**WHAT IS EXPECTED**
Retype nothing except the lines below from the one with "Hello everyone and" through the one with "With just one", exactly, with images left out.
:: EXERCISE INPUT
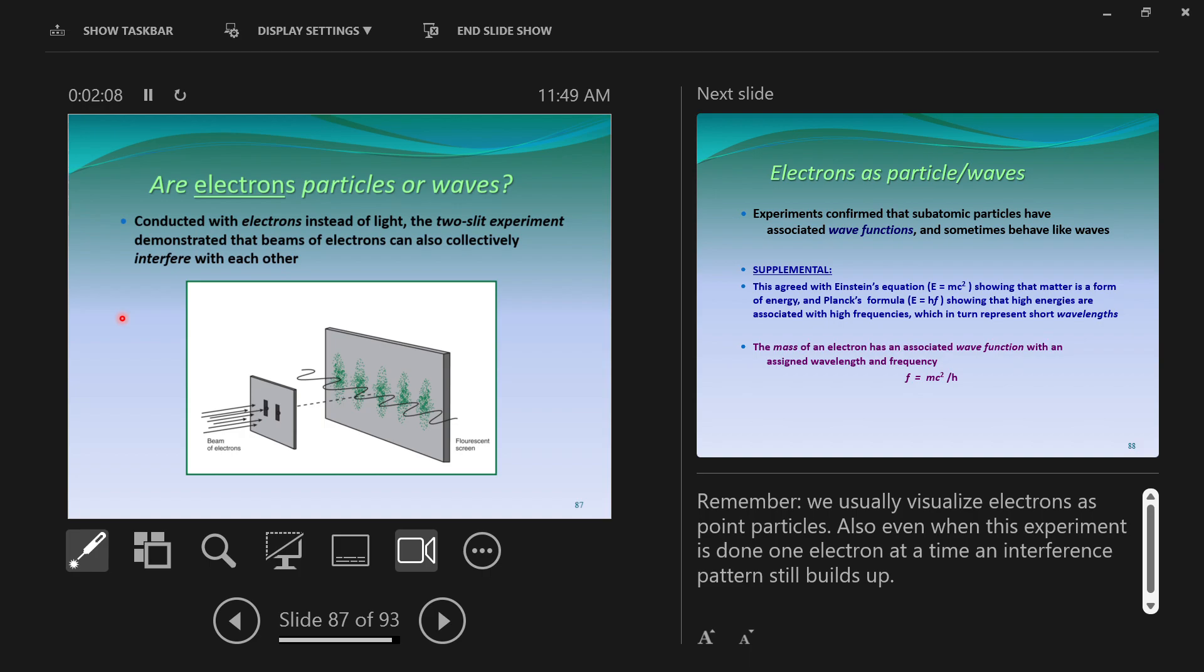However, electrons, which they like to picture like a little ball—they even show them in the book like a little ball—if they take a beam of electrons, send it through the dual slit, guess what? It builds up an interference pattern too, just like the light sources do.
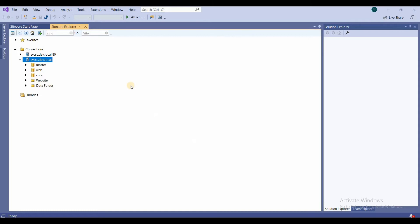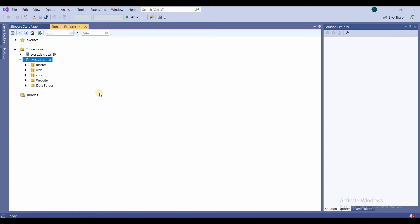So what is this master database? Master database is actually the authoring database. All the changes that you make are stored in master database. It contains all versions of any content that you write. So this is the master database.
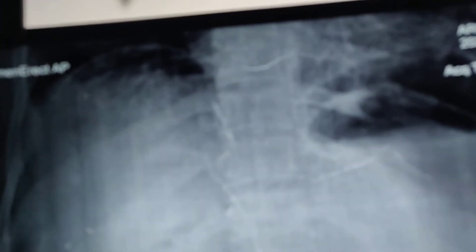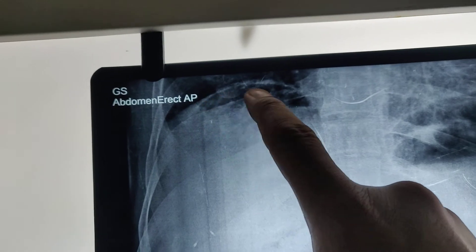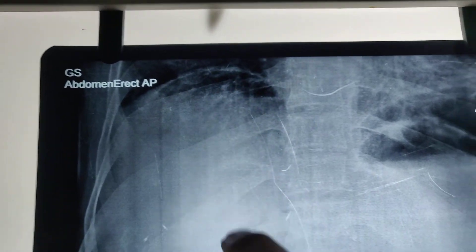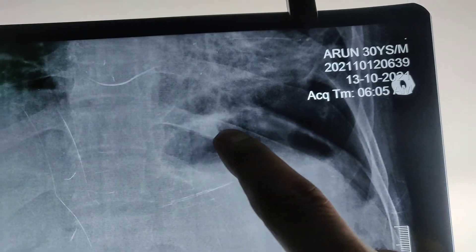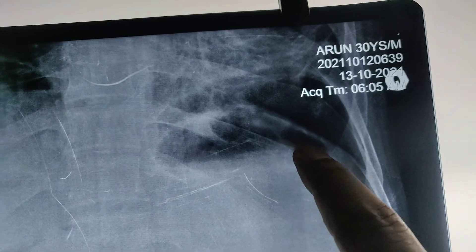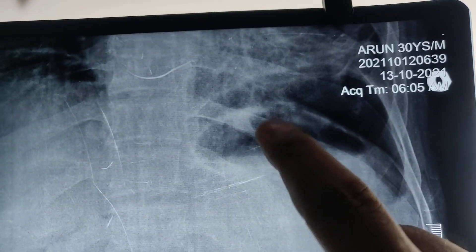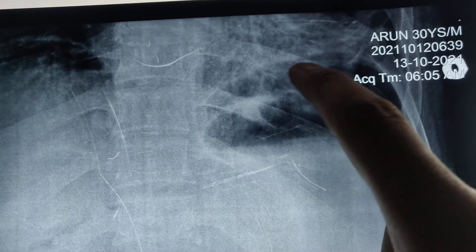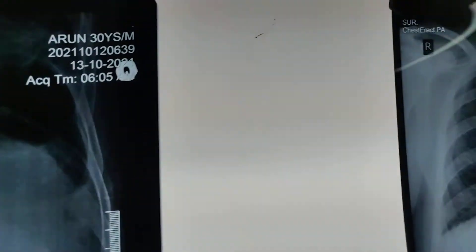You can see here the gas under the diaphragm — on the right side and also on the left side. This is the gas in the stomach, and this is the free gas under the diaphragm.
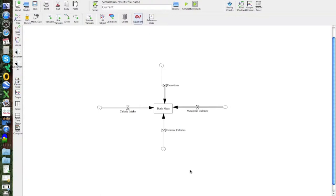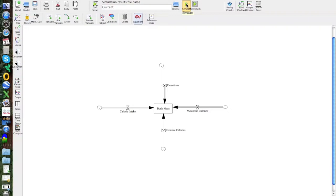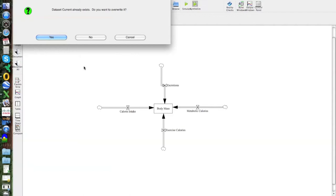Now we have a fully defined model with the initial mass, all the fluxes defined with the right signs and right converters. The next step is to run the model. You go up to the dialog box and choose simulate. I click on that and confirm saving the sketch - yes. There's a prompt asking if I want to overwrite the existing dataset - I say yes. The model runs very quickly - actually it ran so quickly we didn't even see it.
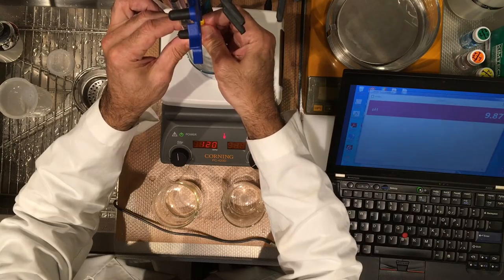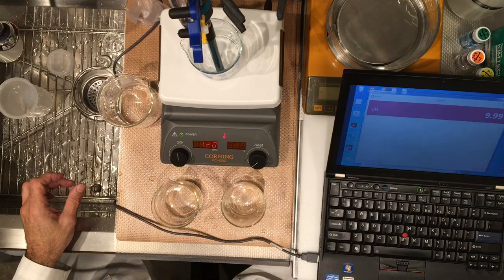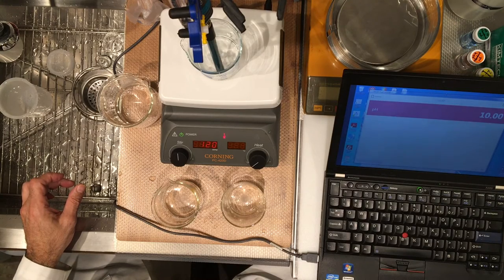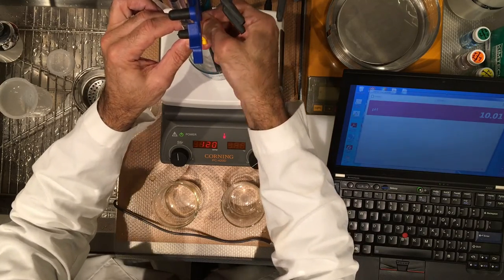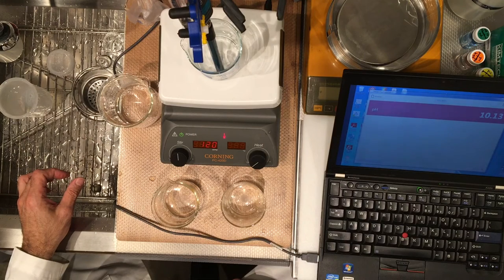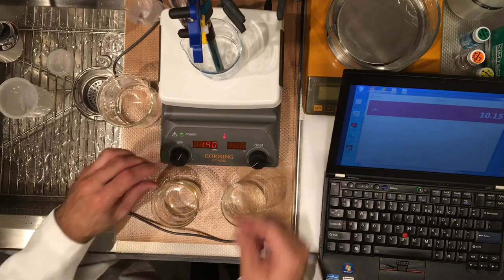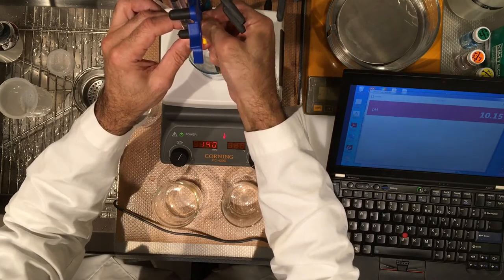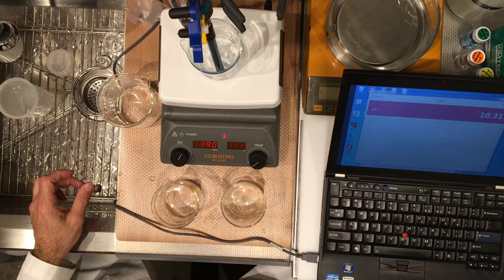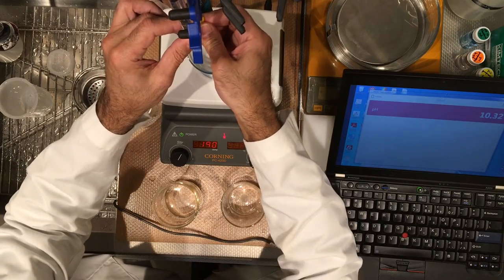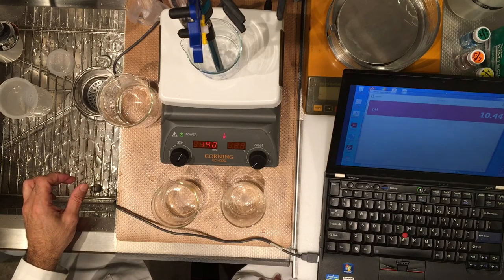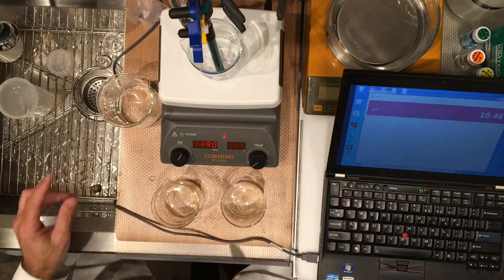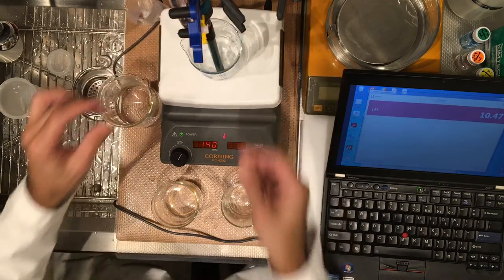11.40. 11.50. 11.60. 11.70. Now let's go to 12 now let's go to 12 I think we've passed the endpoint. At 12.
::::
:: EXERCISE INPUT
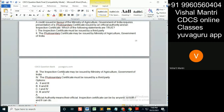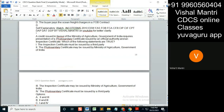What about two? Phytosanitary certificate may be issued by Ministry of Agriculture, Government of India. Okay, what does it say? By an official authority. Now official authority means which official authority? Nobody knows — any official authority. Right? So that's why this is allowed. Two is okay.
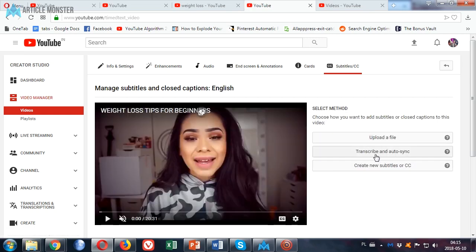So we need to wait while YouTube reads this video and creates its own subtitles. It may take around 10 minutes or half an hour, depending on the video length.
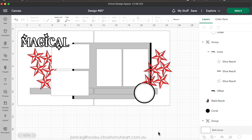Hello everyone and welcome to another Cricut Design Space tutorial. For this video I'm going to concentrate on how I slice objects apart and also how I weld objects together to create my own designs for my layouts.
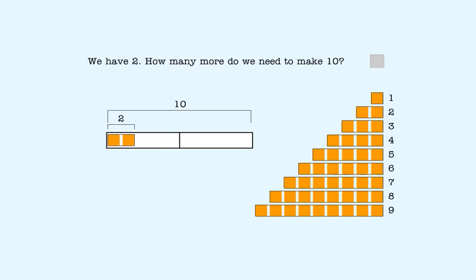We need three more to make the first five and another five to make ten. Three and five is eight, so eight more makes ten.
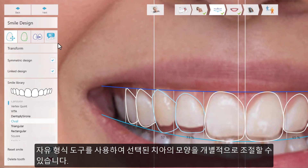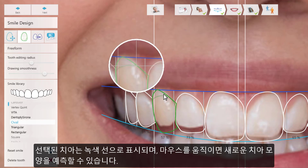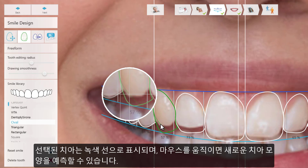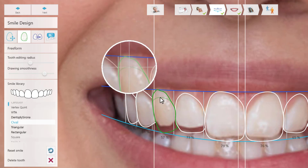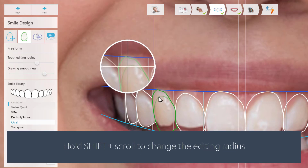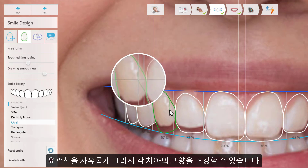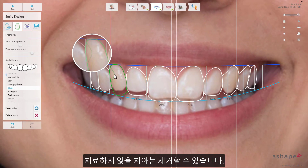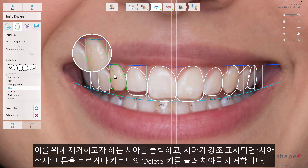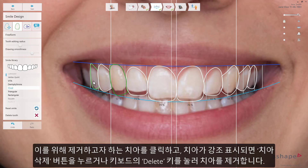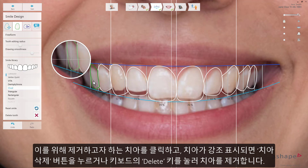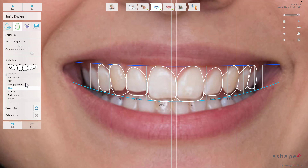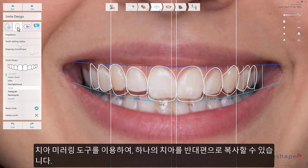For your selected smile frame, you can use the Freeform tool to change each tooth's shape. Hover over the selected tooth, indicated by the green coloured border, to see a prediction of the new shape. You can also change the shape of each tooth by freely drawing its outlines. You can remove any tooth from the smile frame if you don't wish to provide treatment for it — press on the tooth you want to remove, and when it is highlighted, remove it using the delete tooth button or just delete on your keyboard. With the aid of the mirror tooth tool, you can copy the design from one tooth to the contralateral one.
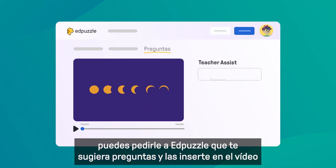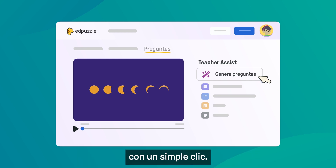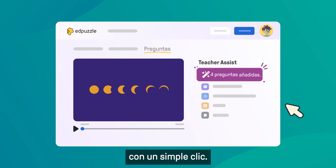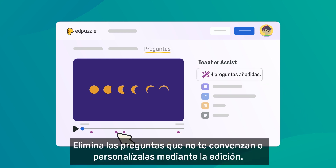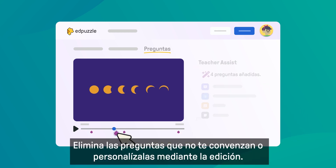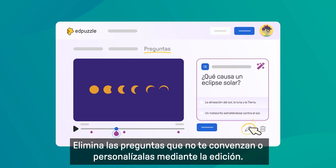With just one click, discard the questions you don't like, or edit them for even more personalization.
::::
**WRITTEN ANSWER**
Hello everyone and welcome to another Cricut Design Space tutorial. For this video I'm going to concentrate on how I slice objects apart and also how I weld objects together to create my own designs for my layouts.
We need three more to make the first five and another five to make ten. Three and five is eight, so eight more makes ten.
For your selected smile frame, you can use the Freeform tool to change each tooth's shape. Hover over the selected tooth, indicated by the green coloured border, to see a prediction of the new shape. You can also change the shape of each tooth by freely drawing its outlines. You can remove any tooth from the smile frame if you don't wish to provide treatment for it — press on the tooth you want to remove, and when it is highlighted, remove it using the delete tooth button or just delete on your keyboard. With the aid of the mirror tooth tool, you can copy the design from one tooth to the contralateral one.
With just one click, discard the questions you don't like, or edit them for even more personalization.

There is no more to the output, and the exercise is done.